Seriously though, learning to keep unpowered aircraft aloft is a tremendous journey of enlightenment. Every day and its conditions are different so the challenge is renewed every time you set foot on the field.
+10^^^^^^^^^^^^^^^

Try sailplanes.
I've flown slope, got a little burned out on it, then started flying "F3F" which is slope racing. Adding precision requirements to any type of sport flying "ups the ante" a bit, if you are the type that can deal with competition. I went so far as to represent the USA team in F3F in 2008. It was a great experience.
But, being a big(ish) fish in a small pond gets old, and the club politics didn't go well with my personality....

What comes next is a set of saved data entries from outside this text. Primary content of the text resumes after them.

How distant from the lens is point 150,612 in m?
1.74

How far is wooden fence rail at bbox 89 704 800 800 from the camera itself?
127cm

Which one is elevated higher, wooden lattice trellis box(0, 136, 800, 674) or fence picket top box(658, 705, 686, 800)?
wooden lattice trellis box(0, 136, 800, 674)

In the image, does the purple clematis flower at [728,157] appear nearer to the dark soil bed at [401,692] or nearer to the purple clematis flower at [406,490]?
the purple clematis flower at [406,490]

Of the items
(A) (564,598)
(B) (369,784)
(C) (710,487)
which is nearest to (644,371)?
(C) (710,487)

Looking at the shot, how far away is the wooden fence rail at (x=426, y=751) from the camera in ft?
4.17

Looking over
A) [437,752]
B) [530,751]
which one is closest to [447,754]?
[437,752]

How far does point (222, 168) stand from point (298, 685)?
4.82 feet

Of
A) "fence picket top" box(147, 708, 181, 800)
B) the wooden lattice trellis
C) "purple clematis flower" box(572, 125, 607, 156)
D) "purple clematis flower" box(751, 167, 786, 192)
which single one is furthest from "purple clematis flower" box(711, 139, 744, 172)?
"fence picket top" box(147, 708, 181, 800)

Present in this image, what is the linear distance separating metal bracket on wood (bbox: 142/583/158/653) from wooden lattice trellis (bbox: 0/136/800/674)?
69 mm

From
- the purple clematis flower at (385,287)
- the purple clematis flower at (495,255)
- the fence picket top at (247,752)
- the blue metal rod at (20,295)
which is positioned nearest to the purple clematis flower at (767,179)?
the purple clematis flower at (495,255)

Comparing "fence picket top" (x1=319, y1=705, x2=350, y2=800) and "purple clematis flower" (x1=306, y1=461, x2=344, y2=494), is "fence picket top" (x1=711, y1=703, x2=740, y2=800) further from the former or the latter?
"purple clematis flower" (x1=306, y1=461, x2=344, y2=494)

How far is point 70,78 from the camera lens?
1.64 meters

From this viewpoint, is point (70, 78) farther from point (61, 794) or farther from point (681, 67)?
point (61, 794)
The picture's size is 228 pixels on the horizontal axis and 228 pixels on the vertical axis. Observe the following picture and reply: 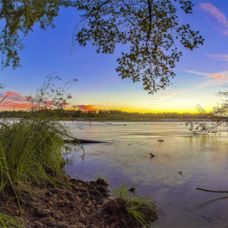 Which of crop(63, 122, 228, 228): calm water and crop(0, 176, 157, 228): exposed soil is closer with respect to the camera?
crop(0, 176, 157, 228): exposed soil

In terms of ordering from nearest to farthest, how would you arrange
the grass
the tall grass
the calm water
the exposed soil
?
1. the exposed soil
2. the tall grass
3. the grass
4. the calm water

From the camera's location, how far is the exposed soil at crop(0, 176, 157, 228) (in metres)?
3.14

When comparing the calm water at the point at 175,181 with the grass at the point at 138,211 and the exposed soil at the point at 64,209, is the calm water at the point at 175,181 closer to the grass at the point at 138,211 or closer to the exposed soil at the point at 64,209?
the grass at the point at 138,211


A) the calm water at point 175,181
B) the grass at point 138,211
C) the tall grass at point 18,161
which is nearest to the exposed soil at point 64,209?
the grass at point 138,211

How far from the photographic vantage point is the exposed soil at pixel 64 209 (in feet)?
10.3

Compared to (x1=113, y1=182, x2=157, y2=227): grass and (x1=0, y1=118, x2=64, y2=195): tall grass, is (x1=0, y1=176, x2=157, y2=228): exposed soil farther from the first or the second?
(x1=0, y1=118, x2=64, y2=195): tall grass

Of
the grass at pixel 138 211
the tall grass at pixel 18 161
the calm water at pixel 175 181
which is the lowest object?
the calm water at pixel 175 181

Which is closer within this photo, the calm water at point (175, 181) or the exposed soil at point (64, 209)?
the exposed soil at point (64, 209)

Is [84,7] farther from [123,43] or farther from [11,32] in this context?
[11,32]

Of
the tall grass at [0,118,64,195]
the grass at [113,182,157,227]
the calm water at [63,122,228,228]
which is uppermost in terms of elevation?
the tall grass at [0,118,64,195]

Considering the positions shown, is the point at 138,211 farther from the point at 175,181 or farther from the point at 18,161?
the point at 175,181

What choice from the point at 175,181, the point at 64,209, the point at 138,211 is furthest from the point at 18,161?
the point at 175,181

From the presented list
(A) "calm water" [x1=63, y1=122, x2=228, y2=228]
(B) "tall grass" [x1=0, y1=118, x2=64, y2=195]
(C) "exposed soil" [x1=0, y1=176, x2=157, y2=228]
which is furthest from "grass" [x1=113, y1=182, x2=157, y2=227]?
(B) "tall grass" [x1=0, y1=118, x2=64, y2=195]

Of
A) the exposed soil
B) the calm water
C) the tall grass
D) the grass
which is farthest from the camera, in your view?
the calm water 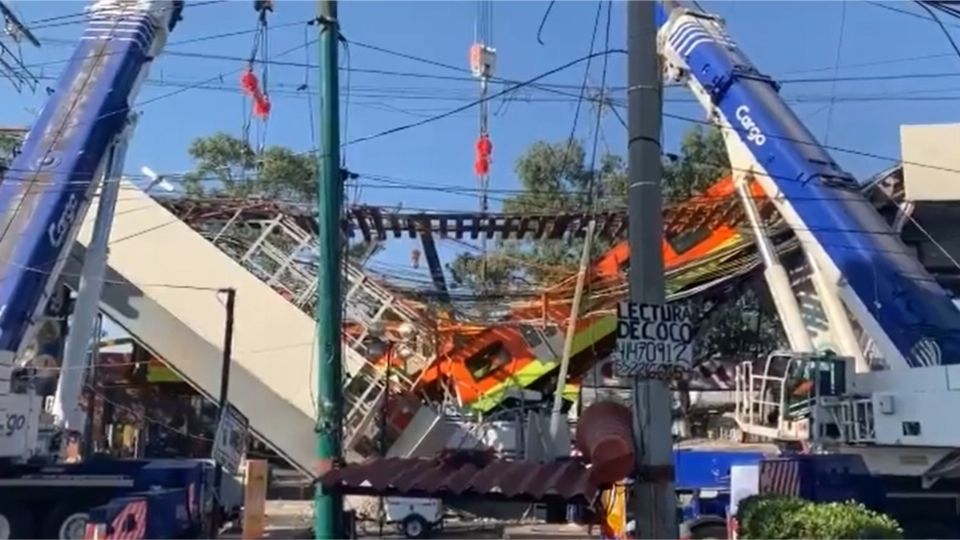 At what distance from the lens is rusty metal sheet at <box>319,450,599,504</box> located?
28.9 ft

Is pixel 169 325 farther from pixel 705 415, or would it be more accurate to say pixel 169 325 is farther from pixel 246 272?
pixel 705 415

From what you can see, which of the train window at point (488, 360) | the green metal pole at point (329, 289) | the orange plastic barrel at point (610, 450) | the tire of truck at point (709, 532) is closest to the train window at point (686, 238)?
the train window at point (488, 360)

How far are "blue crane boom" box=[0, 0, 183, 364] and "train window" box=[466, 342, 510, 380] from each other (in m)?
10.4

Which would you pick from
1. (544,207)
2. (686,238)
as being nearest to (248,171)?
(544,207)

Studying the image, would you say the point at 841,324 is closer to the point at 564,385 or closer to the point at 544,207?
the point at 564,385

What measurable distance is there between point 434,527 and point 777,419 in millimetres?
9685

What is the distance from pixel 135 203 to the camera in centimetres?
2691

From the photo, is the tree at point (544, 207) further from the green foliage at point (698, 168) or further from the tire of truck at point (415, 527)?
the tire of truck at point (415, 527)

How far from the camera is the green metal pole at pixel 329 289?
415 inches

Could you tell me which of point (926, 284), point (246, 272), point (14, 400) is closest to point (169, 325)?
point (246, 272)

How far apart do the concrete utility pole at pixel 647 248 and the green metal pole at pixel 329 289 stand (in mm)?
3435

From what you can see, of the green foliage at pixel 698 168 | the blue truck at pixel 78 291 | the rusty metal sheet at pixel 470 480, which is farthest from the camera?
the green foliage at pixel 698 168

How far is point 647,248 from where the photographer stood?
872cm

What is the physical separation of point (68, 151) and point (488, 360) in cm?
1159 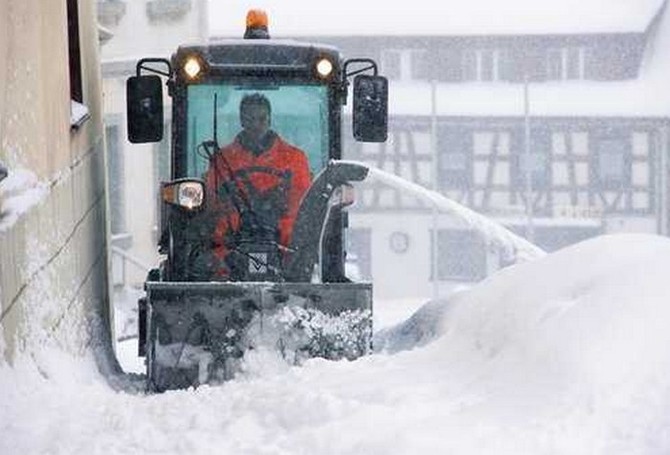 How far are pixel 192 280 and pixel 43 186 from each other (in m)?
1.66

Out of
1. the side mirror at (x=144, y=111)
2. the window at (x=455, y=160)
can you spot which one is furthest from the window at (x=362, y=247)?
the side mirror at (x=144, y=111)

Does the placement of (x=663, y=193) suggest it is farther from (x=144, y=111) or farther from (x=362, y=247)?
(x=144, y=111)

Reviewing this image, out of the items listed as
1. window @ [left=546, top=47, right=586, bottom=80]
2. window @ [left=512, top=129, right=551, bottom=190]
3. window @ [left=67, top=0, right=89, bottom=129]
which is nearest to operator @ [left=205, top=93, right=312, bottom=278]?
window @ [left=67, top=0, right=89, bottom=129]

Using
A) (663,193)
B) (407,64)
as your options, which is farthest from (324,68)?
(407,64)

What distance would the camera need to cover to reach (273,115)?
7.67 m

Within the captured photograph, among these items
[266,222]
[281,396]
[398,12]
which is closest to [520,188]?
[398,12]

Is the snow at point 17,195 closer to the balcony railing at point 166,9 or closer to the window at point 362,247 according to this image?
the balcony railing at point 166,9

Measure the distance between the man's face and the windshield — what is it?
0.05 meters

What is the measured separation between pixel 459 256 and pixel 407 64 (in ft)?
23.3

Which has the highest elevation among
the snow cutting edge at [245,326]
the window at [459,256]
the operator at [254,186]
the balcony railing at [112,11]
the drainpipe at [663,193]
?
the balcony railing at [112,11]

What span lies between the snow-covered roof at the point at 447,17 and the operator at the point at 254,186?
3144cm

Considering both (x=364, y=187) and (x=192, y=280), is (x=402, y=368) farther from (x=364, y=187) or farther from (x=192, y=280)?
(x=364, y=187)

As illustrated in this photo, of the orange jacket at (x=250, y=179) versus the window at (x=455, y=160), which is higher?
the orange jacket at (x=250, y=179)

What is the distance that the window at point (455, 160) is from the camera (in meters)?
36.3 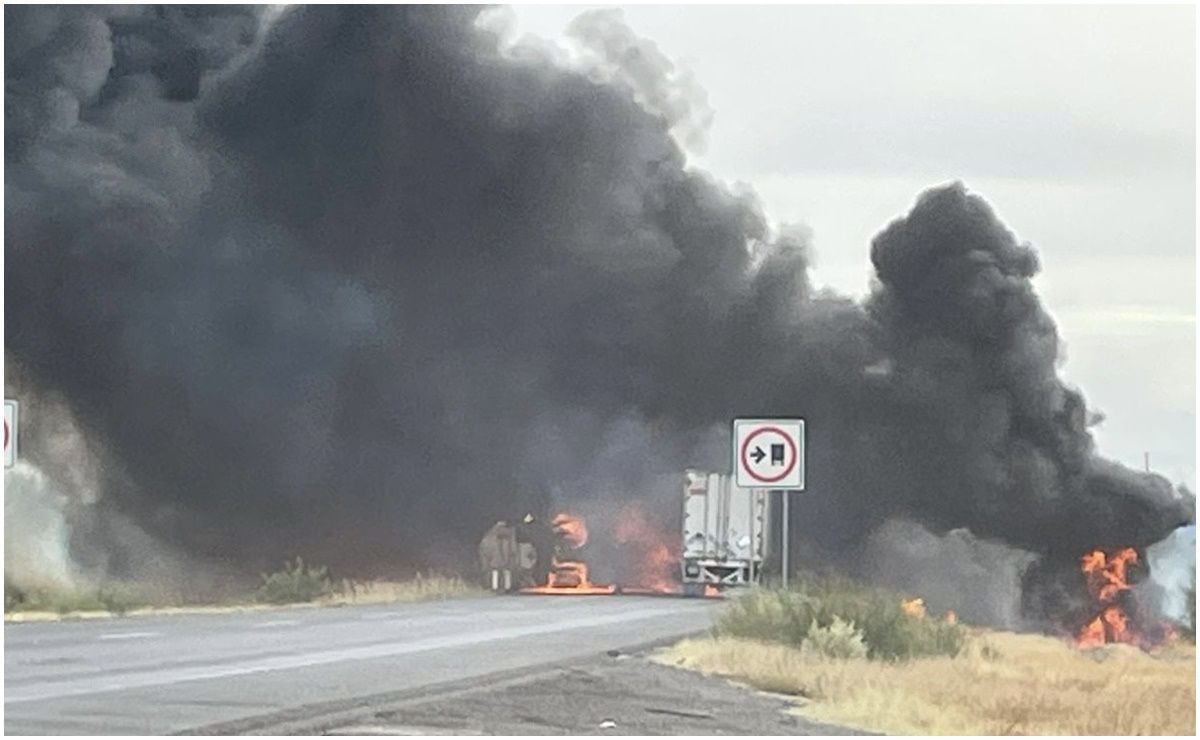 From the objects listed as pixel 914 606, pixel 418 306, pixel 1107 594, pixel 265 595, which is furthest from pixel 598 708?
pixel 1107 594

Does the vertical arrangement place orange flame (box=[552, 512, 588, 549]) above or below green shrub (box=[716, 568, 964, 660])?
above

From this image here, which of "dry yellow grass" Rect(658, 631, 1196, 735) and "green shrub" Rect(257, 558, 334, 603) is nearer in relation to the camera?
"dry yellow grass" Rect(658, 631, 1196, 735)

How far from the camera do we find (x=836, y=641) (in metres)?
11.7

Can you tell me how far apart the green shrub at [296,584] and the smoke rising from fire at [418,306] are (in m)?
0.09

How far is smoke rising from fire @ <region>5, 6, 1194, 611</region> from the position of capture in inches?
460

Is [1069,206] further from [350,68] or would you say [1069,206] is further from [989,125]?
[350,68]

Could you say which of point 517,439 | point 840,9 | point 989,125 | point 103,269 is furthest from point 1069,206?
point 103,269

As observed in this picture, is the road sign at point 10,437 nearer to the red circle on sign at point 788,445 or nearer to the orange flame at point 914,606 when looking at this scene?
the red circle on sign at point 788,445

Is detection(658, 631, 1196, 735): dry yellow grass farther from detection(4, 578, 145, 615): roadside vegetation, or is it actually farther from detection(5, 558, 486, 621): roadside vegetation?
detection(4, 578, 145, 615): roadside vegetation

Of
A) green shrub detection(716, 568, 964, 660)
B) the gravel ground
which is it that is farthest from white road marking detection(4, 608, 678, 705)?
green shrub detection(716, 568, 964, 660)

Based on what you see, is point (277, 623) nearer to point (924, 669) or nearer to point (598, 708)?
point (598, 708)

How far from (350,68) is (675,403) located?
2.14 meters

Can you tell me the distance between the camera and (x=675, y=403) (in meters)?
11.7

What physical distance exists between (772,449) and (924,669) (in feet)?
3.91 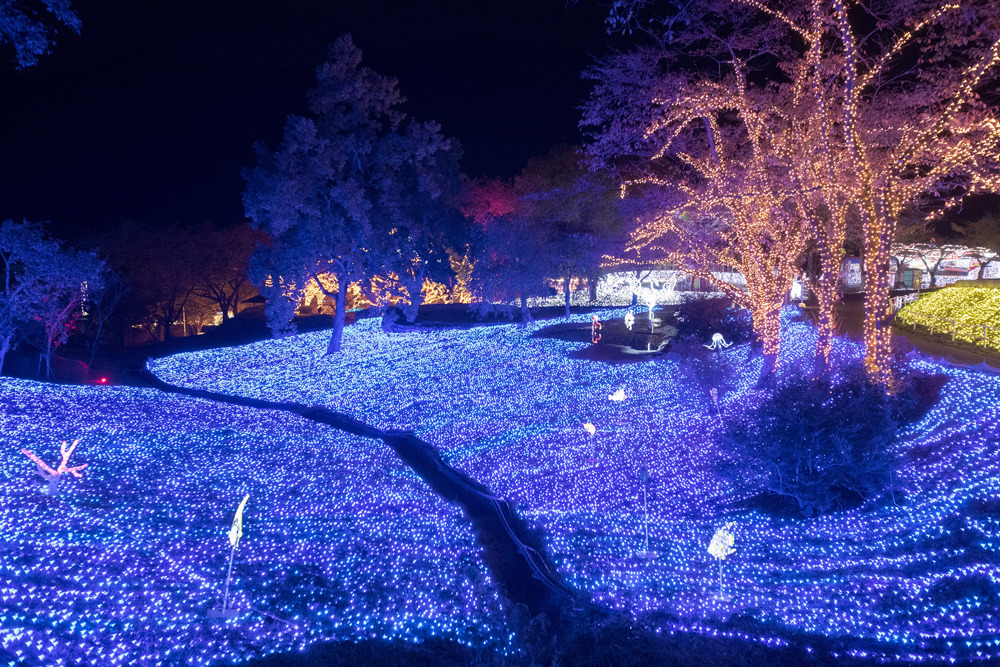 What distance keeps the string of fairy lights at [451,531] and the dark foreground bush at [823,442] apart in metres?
0.39

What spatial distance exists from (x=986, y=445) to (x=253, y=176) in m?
22.5

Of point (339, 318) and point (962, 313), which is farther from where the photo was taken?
point (339, 318)

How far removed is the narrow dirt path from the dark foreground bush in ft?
11.0

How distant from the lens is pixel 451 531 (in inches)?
345

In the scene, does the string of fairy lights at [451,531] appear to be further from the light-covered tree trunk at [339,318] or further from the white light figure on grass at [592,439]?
the light-covered tree trunk at [339,318]

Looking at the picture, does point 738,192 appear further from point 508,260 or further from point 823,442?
point 508,260

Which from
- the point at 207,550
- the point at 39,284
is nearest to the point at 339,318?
the point at 39,284

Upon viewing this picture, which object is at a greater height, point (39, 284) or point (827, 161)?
point (827, 161)

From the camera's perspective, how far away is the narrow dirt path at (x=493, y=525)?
23.3 feet

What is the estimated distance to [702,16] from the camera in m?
10.8

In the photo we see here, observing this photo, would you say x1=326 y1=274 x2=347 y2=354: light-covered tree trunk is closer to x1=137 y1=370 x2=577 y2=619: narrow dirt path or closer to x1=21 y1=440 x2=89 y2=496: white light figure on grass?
x1=137 y1=370 x2=577 y2=619: narrow dirt path

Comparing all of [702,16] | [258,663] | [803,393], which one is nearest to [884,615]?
[803,393]

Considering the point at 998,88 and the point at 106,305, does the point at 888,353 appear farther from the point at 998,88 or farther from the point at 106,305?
the point at 106,305

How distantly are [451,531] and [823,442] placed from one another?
5.25 metres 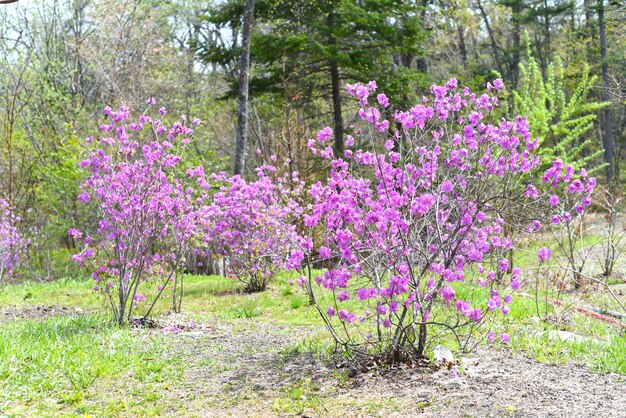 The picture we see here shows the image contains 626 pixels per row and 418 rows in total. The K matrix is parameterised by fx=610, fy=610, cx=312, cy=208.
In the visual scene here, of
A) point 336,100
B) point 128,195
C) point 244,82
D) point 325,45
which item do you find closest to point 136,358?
point 128,195

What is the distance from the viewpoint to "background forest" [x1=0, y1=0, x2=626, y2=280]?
13.5 meters

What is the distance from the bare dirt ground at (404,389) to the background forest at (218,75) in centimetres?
433

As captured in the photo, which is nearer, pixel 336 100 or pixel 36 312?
pixel 36 312

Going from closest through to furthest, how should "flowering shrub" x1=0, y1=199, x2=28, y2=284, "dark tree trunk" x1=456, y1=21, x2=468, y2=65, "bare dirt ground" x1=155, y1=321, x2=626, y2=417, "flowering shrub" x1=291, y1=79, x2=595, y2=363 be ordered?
"bare dirt ground" x1=155, y1=321, x2=626, y2=417
"flowering shrub" x1=291, y1=79, x2=595, y2=363
"flowering shrub" x1=0, y1=199, x2=28, y2=284
"dark tree trunk" x1=456, y1=21, x2=468, y2=65

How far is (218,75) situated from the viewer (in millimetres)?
23344

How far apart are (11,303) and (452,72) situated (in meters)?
16.1

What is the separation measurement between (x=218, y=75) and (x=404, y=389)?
20655mm

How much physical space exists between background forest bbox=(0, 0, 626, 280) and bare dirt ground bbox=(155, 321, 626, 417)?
14.2 feet

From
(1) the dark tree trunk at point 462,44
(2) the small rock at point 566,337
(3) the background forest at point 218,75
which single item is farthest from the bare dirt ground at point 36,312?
(1) the dark tree trunk at point 462,44

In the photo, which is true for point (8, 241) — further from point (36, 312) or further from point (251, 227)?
point (251, 227)

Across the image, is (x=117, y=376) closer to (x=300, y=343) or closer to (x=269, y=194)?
(x=300, y=343)

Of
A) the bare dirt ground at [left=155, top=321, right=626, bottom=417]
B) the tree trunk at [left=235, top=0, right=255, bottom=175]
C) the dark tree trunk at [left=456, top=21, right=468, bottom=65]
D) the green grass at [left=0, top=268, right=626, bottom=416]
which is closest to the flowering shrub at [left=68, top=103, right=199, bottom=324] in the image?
the green grass at [left=0, top=268, right=626, bottom=416]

SO, I took up TD, thermal duration flying. You launch from a winch, try to stay up for the required time (10 minutes, sometimes less or more) and hit a spot on the ground with the nose of the plane at the end, exactly on time.
Its easy......NOT! Sometimes you will make all the wrong turns and cant even keep the plane up for the required time (flying in sinking air).

THEN, you learn a bit about "reading air"... Thats when the fun really starts! Sure, anyone can see hawk circling and figure out there is a thermal there....But what about when you cannot see anything?

Wind vectors! Yep, wind shifts that you power guys may notice mean that there is a thermal somewhere and its repelling or adding to the prevalent wind on the field. Its hard to be 100% all the time predicting, and as SHOE pointed out, every flight of every day is different, so it never gets "too easy".
Someone is always better and not as good as you are. You can both LEARN, AND, TEACH!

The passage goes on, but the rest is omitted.